Capabilities Transition

When a non-root user executes the ping clone utility owned by the root user and with the setuid bit set, the file will always run in root user context (EUID = 0), until a program changes its effective uid (euid) during execution.

~$ ping_clone localhost &
[1] 31994
~# PING localhost (127.0.0.1) 56(84) bytes of data.
64 bytes from localhost (127.0.0.1): icmp_seq=1 ttl=64 time=0.027 ms

~$ cat /proc/31994/status
Name:   ping_clone
...
...
Uid:    1000    1000    0       1000
Gid:    1000    1000    1000    1000
...
CapInh: 0000000000000000
CapPrm: 0000000000003000
CapEff: 0000000000000000
CapBnd: 0000003fffffffff
CapAmb: 0000000000000000
...

So, what's going on here?

Let's take a look at the ping_clone utility from the perspective of system calls.
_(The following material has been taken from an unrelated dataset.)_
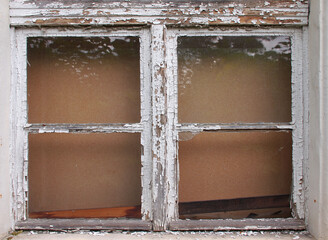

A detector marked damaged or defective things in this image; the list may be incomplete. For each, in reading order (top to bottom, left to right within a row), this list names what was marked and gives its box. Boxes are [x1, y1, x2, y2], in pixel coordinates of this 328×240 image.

Remember that it is a capability-aware application that may change its capabilities programmatically.

Take a look at the output of the strace tracing tool.


Privileged Program Binary

Privileged Program Binary means that certain capabilities have been assigned to executable files. When we load a privileged Program Binary (e.g., ping clone), the executable file's capability set plays a significant role in the thread after execve(2).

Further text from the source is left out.